# Information supplied:
Start of Block

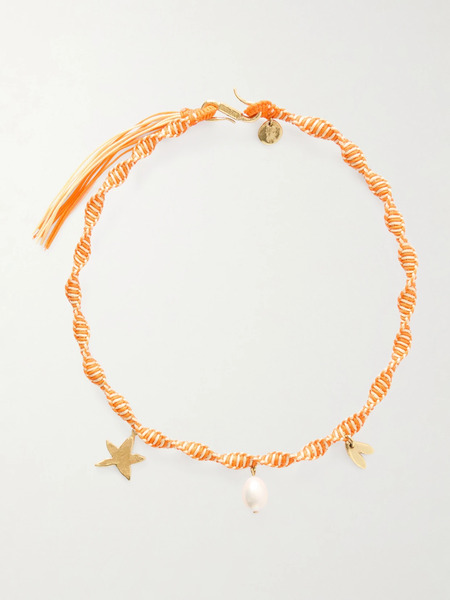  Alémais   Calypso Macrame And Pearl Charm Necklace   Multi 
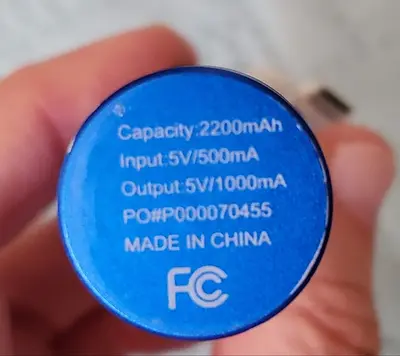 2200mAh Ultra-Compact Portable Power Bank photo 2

End of Block
Start of Block

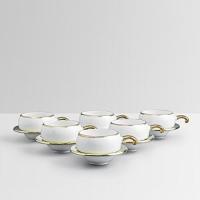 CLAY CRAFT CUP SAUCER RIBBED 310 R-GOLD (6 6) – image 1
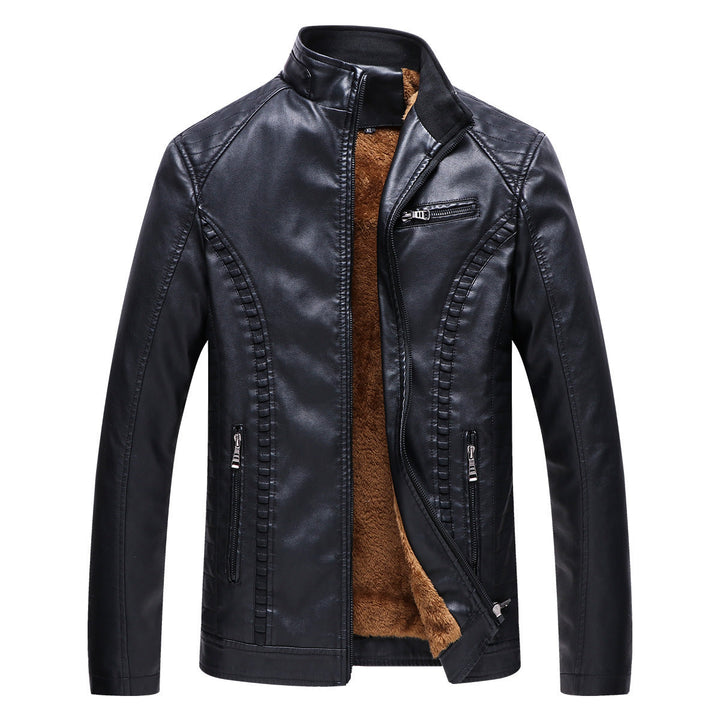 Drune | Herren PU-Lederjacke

End of Block
Start of Block

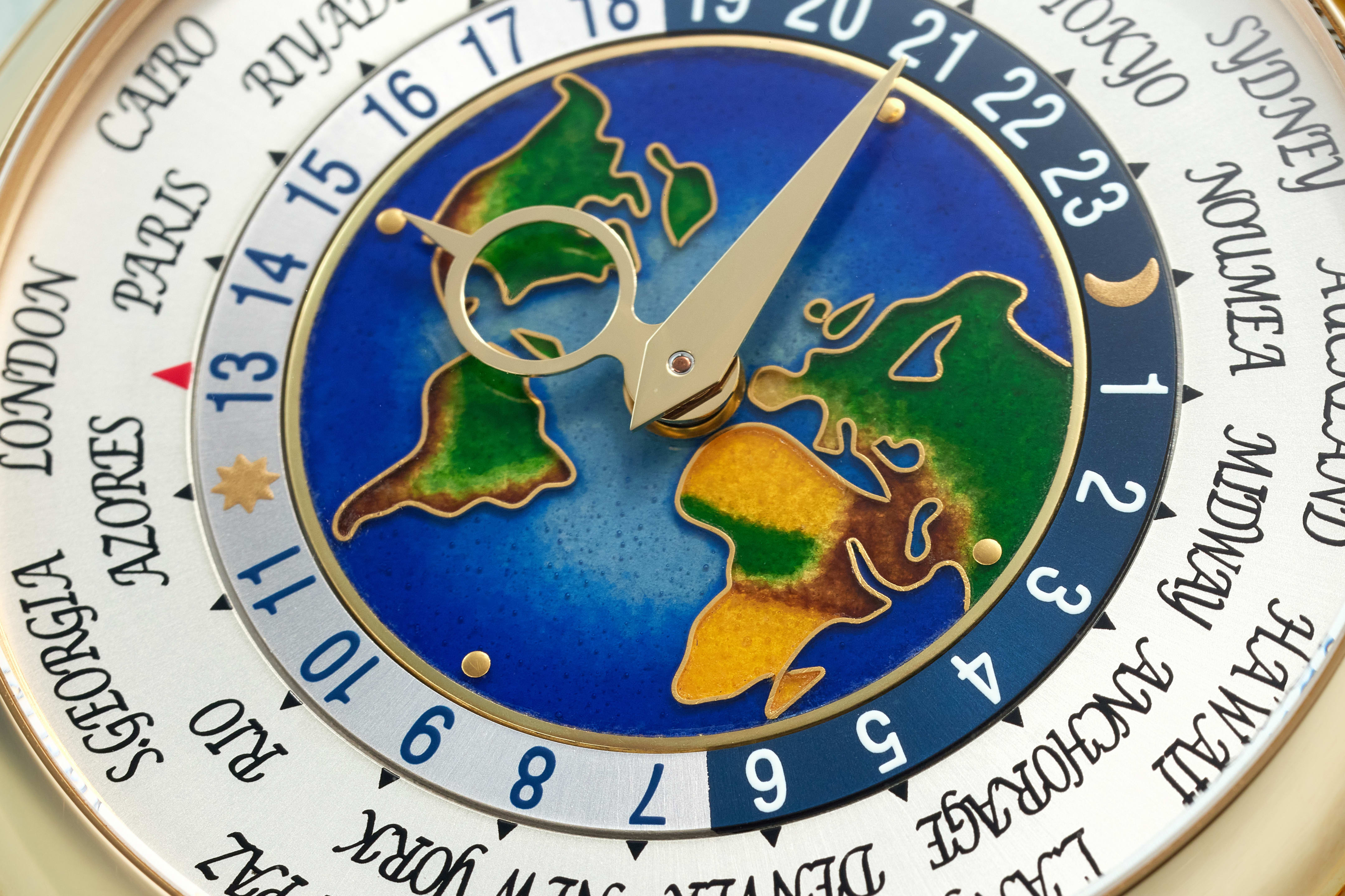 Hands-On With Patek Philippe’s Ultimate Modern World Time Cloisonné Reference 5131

End of Block

# Exercise prompt:
Print the line above containing "CLAY CRAFT CUP", the line containing "Drune | Herren PU-Lederjacke", and everything between them, exactly as written. Pictures stay out.

# Worked solution:
 CLAY CRAFT CUP SAUCER RIBBED 310 R-GOLD (6 6) – image 1
 Drune | Herren PU-Lederjacke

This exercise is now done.